Start of Block

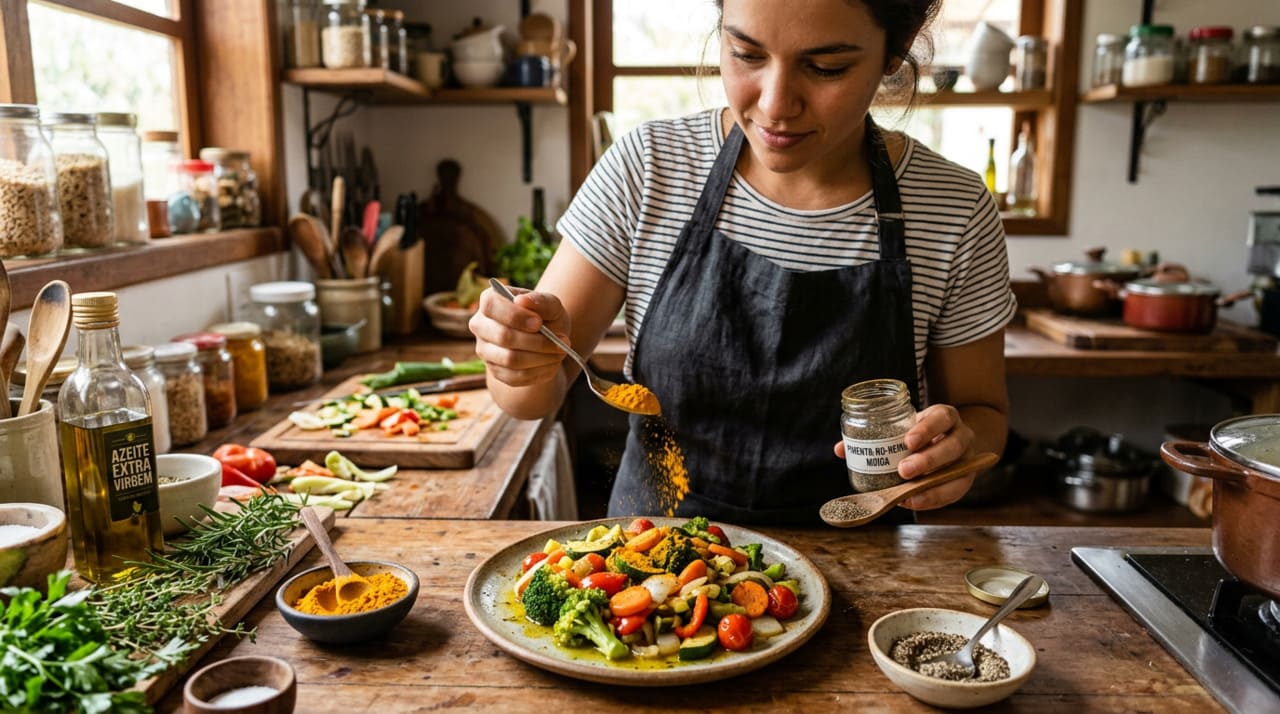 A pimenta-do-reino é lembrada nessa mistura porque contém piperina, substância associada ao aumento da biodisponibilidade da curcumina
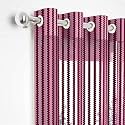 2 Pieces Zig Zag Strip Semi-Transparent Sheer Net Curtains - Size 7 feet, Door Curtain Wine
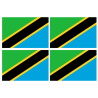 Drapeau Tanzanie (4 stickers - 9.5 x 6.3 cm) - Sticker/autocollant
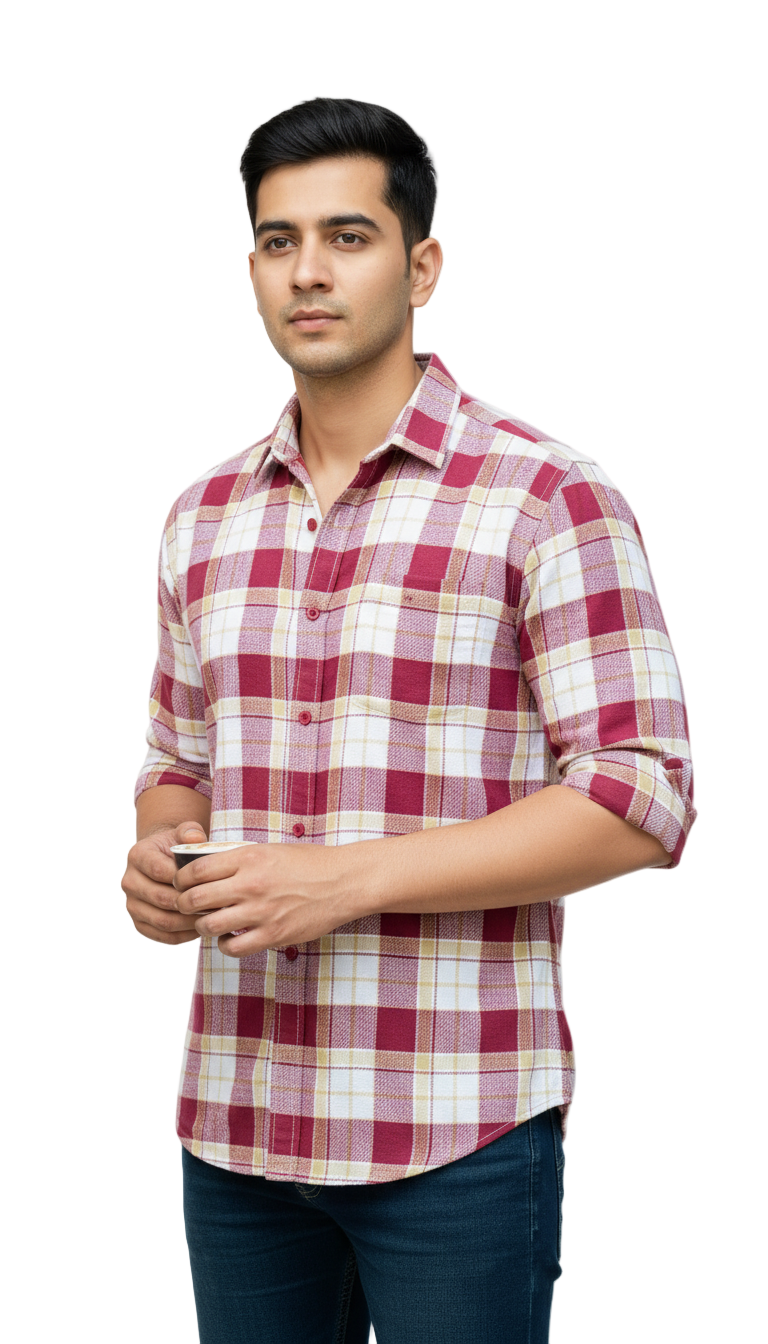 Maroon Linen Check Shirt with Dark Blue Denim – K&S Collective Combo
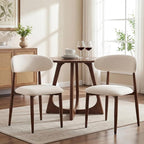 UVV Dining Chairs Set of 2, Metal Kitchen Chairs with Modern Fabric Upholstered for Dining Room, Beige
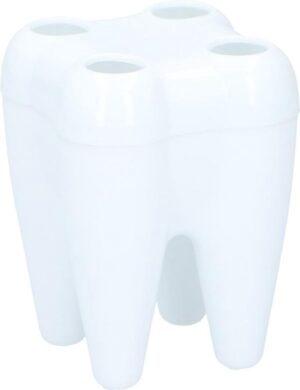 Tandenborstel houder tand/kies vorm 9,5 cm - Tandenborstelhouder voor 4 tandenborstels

End of Block

▶ Prompt: Each record should be written out again exactly, though without its pictures.

▶ Answer for this exercise:
 A pimenta-do-reino é lembrada nessa mistura porque contém piperina, substância associada ao aumento da biodisponibilidade da curcumina
 2 Pieces Zig Zag Strip Semi-Transparent Sheer Net Curtains - Size 7 feet, Door Curtain Wine
 Drapeau Tanzanie (4 stickers - 9.5 x 6.3 cm) - Sticker/autocollant
 Maroon Linen Check Shirt with Dark Blue Denim – K&S Collective Combo
 UVV Dining Chairs Set of 2, Metal Kitchen Chairs with Modern Fabric Upholstered for Dining Room, Beige
 Tandenborstel houder tand/kies vorm 9,5 cm - Tandenborstelhouder voor 4 tandenborstels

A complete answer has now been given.